Friday, December 26, 2008

how the Literary Iditarod saved Christmas

Ok, it's possible that the Literary Iditarod didn't save Christmas, and was in fact not related to Christmas in any way--save perhaps for the fact that I was able to read a lot of the Odyssey in three days off work. I'm on Book 18 (out of 24). Fiona's lagging a bit, but that's ok because I'm leaving tomorrow for the MLA Convention and I may fall behind a little with reading and blogging. I also have a copy of David Lodge's Small World, which was suggested to me by a Literary Person as something I should read before the MLA (I've avoided talking about my job on this blog because it is a personal blog and I don't want to, say, write something stupid or offensive that then, by association, reflects poorly on my place of work, or anything like that, but I have perhaps been remiss in not mentioning that I have the great good fortune to work with people who know a lot about literature, academia, and other topics similarly dear to my heart). Small World is the sequel to Changing Places, which I also have not read, and I hate reading a sequel without first having read its predecessor, but maybe for the sake of the Iditarod I should suck it up this time.

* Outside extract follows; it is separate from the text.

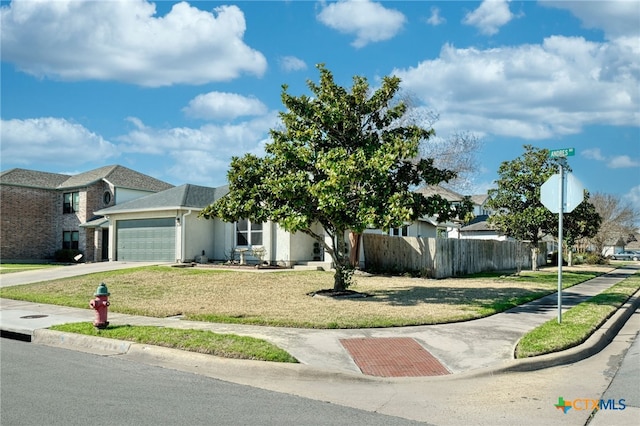 view of front of property featuring a garage and a front lawn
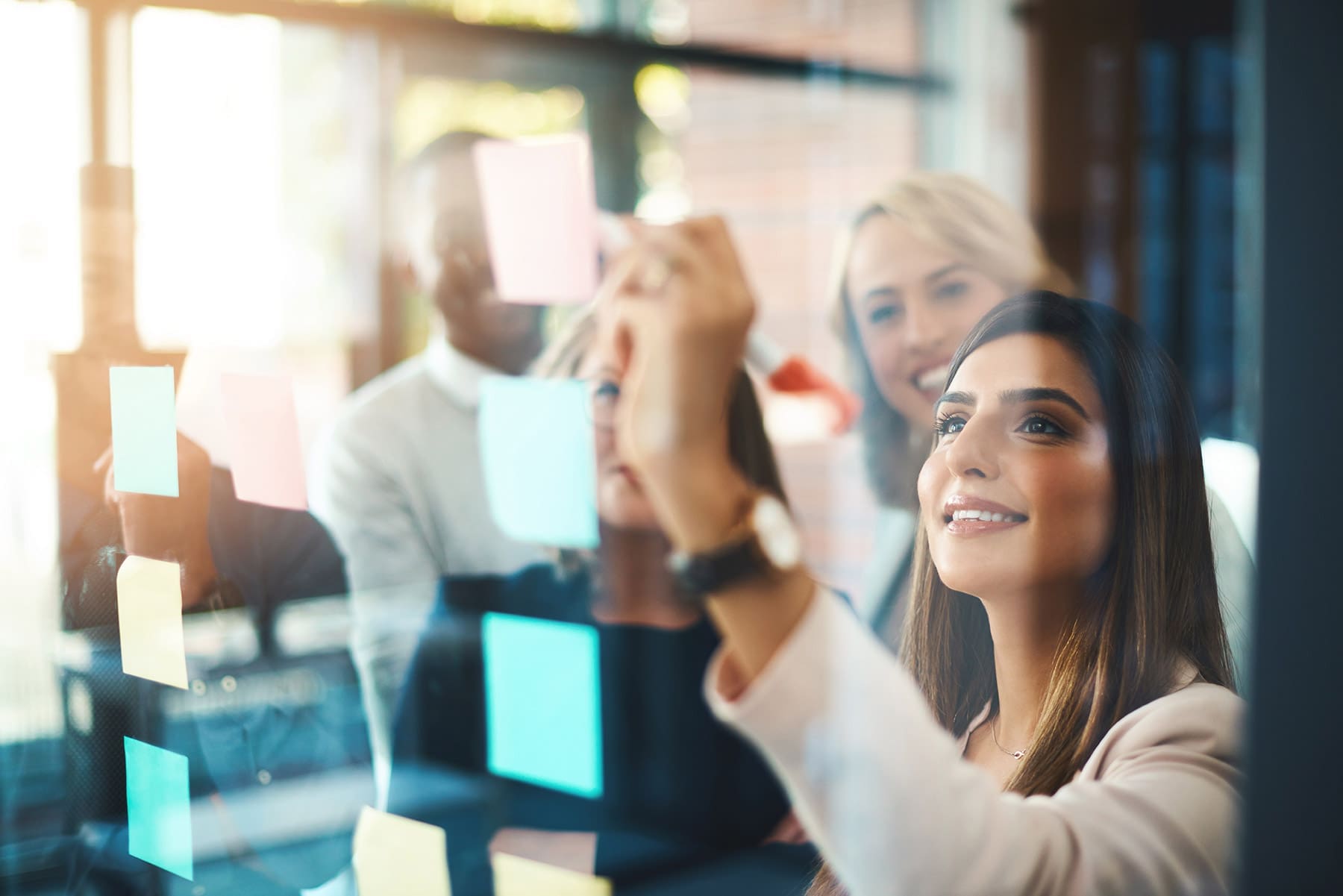 A group of professionals is engaged in a collaborative brainstorming session with sticky notes on a glass window.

Anyway. So I'm excited about the MLA Convention (and staying in a nice hotel, you guys, I have stayed at a hotel-as-opposed-to-a-motel like twice in my life, it is going to be like a fancy vacation except for the part where I will be working the entire time), and with any luck I will learn Many Important Things about academia and English and so forth and then I will blog about them. (I was talking to my dad on the phone today, and he was like ...so you still want to be an English professor? Are you sure that's a good idea? Have you heard about this Recession thing? And I was like Dad, I got this, it's cool.) But it has been a slow week here at the Iditarod and it may be a slow next few days, depending on how things go. I'm counting on Fiona to pick up any slack.

Before turning to the Odyssey, I just want to thank all of you--both strangers and (mostly) friends--for the kind and thoughtful comments you've been leaving. While this blog is largely intended as a project just for the two of us, it's awesome that people are reading it, following it, and commenting. It keeps me on track, and it gives me stuff to think about. Thank you.

Also, my laptop just died there. For the third time tonight. Seriously, laptop? Dear Santa: Please bring me a shiny new MacBook to replace this temperamental and geriatric iBook (purchased used, on eBay, for $800, the summer before I started Reed, so... 2005). What's that? You say I was astoundingly naughty this year and I'm lucky you didn't just feed this laptop to Rudolph? Well... balls.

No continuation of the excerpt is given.